-------- EXCERPTED RECORDS --------

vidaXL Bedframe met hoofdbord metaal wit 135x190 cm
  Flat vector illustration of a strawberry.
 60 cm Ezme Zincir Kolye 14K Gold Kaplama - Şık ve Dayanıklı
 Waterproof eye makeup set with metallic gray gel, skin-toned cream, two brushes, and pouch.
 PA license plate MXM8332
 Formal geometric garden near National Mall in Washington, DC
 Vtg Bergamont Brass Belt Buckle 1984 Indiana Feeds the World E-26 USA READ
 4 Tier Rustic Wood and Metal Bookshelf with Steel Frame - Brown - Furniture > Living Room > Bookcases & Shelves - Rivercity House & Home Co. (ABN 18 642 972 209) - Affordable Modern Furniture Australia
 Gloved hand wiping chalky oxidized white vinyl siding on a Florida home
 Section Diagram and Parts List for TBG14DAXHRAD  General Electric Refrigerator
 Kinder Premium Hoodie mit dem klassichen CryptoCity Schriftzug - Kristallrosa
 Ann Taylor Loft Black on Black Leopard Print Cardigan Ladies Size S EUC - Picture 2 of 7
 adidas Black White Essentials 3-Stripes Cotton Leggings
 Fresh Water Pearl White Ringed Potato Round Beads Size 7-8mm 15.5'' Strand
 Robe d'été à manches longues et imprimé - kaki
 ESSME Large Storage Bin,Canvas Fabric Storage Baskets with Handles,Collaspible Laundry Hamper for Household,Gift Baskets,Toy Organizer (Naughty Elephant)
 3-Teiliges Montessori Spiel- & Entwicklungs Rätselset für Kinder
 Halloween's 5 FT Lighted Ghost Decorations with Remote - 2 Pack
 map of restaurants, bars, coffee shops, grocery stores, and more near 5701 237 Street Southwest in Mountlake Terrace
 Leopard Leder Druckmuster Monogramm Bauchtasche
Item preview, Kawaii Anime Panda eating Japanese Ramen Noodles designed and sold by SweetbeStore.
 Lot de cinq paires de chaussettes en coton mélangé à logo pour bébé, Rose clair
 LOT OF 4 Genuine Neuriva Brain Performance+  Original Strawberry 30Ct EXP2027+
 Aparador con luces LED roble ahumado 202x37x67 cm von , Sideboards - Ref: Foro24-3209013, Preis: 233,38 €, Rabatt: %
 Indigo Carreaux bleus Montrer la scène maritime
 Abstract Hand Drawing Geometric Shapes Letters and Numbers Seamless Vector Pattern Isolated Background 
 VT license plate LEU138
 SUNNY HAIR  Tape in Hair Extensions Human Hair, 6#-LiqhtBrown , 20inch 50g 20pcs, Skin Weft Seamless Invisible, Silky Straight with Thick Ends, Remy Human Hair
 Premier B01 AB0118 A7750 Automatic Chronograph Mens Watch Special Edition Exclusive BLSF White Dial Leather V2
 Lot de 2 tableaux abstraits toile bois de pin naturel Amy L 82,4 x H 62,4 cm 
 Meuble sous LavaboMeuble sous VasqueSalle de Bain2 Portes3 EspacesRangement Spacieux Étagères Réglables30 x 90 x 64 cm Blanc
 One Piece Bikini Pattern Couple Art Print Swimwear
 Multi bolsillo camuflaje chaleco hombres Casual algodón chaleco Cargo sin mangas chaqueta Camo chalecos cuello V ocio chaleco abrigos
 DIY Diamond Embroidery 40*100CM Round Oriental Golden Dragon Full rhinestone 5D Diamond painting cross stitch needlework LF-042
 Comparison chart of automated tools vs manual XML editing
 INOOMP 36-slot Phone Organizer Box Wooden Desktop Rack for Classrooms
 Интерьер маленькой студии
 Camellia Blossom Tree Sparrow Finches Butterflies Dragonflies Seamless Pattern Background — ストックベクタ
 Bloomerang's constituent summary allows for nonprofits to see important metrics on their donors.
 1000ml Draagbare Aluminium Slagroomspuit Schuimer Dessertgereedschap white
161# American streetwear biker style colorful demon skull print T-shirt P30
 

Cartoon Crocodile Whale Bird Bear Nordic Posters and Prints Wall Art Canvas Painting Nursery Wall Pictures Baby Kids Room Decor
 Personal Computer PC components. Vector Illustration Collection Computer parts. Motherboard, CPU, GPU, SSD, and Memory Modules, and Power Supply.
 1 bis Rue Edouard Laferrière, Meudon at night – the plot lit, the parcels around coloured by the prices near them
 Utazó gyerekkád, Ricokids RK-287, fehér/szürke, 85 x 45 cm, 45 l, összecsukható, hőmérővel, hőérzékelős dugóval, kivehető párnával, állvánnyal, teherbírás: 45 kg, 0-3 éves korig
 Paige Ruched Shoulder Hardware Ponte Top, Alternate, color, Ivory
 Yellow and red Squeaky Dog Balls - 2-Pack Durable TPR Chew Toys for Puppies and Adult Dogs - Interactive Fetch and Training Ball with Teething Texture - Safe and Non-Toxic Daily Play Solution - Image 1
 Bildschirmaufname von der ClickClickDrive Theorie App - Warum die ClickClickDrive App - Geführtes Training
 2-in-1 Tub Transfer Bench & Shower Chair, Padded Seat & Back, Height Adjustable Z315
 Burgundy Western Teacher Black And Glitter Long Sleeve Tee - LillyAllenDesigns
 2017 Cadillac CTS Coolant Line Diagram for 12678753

--------

• PROBLEM DETAILS
Copy out each line above, character for character.

• SOLUTION TO THIS TASK
vidaXL Bedframe met hoofdbord metaal wit 135x190 cm
  Flat vector illustration of a strawberry.
 60 cm Ezme Zincir Kolye 14K Gold Kaplama - Şık ve Dayanıklı
 Waterproof eye makeup set with metallic gray gel, skin-toned cream, two brushes, and pouch.
 PA license plate MXM8332
 Formal geometric garden near National Mall in Washington, DC
 Vtg Bergamont Brass Belt Buckle 1984 Indiana Feeds the World E-26 USA READ
 4 Tier Rustic Wood and Metal Bookshelf with Steel Frame - Brown - Furniture > Living Room > Bookcases & Shelves - Rivercity House & Home Co. (ABN 18 642 972 209) - Affordable Modern Furniture Australia
 Gloved hand wiping chalky oxidized white vinyl siding on a Florida home
 Section Diagram and Parts List for TBG14DAXHRAD  General Electric Refrigerator
 Kinder Premium Hoodie mit dem klassichen CryptoCity Schriftzug - Kristallrosa
 Ann Taylor Loft Black on Black Leopard Print Cardigan Ladies Size S EUC - Picture 2 of 7
 adidas Black White Essentials 3-Stripes Cotton Leggings
 Fresh Water Pearl White Ringed Potato Round Beads Size 7-8mm 15.5'' Strand
 Robe d'été à manches longues et imprimé - kaki
 ESSME Large Storage Bin,Canvas Fabric Storage Baskets with Handles,Collaspible Laundry Hamper for Household,Gift Baskets,Toy Organizer (Naughty Elephant)
 3-Teiliges Montessori Spiel- & Entwicklungs Rätselset für Kinder
 Halloween's 5 FT Lighted Ghost Decorations with Remote - 2 Pack
 map of restaurants, bars, coffee shops, grocery stores, and more near 5701 237 Street Southwest in Mountlake Terrace
 Leopard Leder Druckmuster Monogramm Bauchtasche
Item preview, Kawaii Anime Panda eating Japanese Ramen Noodles designed and sold by SweetbeStore.
 Lot de cinq paires de chaussettes en coton mélangé à logo pour bébé, Rose clair
 LOT OF 4 Genuine Neuriva Brain Performance+  Original Strawberry 30Ct EXP2027+
 Aparador con luces LED roble ahumado 202x37x67 cm von , Sideboards - Ref: Foro24-3209013, Preis: 233,38 €, Rabatt: %
 Indigo Carreaux bleus Montrer la scène maritime
 Abstract Hand Drawing Geometric Shapes Letters and Numbers Seamless Vector Pattern Isolated Background 
 VT license plate LEU138
 SUNNY HAIR  Tape in Hair Extensions Human Hair, 6#-LiqhtBrown , 20inch 50g 20pcs, Skin Weft Seamless Invisible, Silky Straight with Thick Ends, Remy Human Hair
 Premier B01 AB0118 A7750 Automatic Chronograph Mens Watch Special Edition Exclusive BLSF White Dial Leather V2
 Lot de 2 tableaux abstraits toile bois de pin naturel Amy L 82,4 x H 62,4 cm 
 Meuble sous LavaboMeuble sous VasqueSalle de Bain2 Portes3 EspacesRangement Spacieux Étagères Réglables30 x 90 x 64 cm Blanc
 One Piece Bikini Pattern Couple Art Print Swimwear
 Multi bolsillo camuflaje chaleco hombres Casual algodón chaleco Cargo sin mangas chaqueta Camo chalecos cuello V ocio chaleco abrigos
 DIY Diamond Embroidery 40*100CM Round Oriental Golden Dragon Full rhinestone 5D Diamond painting cross stitch needlework LF-042
 Comparison chart of automated tools vs manual XML editing
 INOOMP 36-slot Phone Organizer Box Wooden Desktop Rack for Classrooms
 Интерьер маленькой студии
 Camellia Blossom Tree Sparrow Finches Butterflies Dragonflies Seamless Pattern Background — ストックベクタ
 Bloomerang's constituent summary allows for nonprofits to see important metrics on their donors.
 1000ml Draagbare Aluminium Slagroomspuit Schuimer Dessertgereedschap white
161# American streetwear biker style colorful demon skull print T-shirt P30
 

Cartoon Crocodile Whale Bird Bear Nordic Posters and Prints Wall Art Canvas Painting Nursery Wall Pictures Baby Kids Room Decor
 Personal Computer PC components. Vector Illustration Collection Computer parts. Motherboard, CPU, GPU, SSD, and Memory Modules, and Power Supply.
 1 bis Rue Edouard Laferrière, Meudon at night – the plot lit, the parcels around coloured by the prices near them
 Utazó gyerekkád, Ricokids RK-287, fehér/szürke, 85 x 45 cm, 45 l, összecsukható, hőmérővel, hőérzékelős dugóval, kivehető párnával, állvánnyal, teherbírás: 45 kg, 0-3 éves korig
 Paige Ruched Shoulder Hardware Ponte Top, Alternate, color, Ivory
 Yellow and red Squeaky Dog Balls - 2-Pack Durable TPR Chew Toys for Puppies and Adult Dogs - Interactive Fetch and Training Ball with Teething Texture - Safe and Non-Toxic Daily Play Solution - Image 1
 Bildschirmaufname von der ClickClickDrive Theorie App - Warum die ClickClickDrive App - Geführtes Training
 2-in-1 Tub Transfer Bench & Shower Chair, Padded Seat & Back, Height Adjustable Z315
 Burgundy Western Teacher Black And Glitter Long Sleeve Tee - LillyAllenDesigns
 2017 Cadillac CTS Coolant Line Diagram for 12678753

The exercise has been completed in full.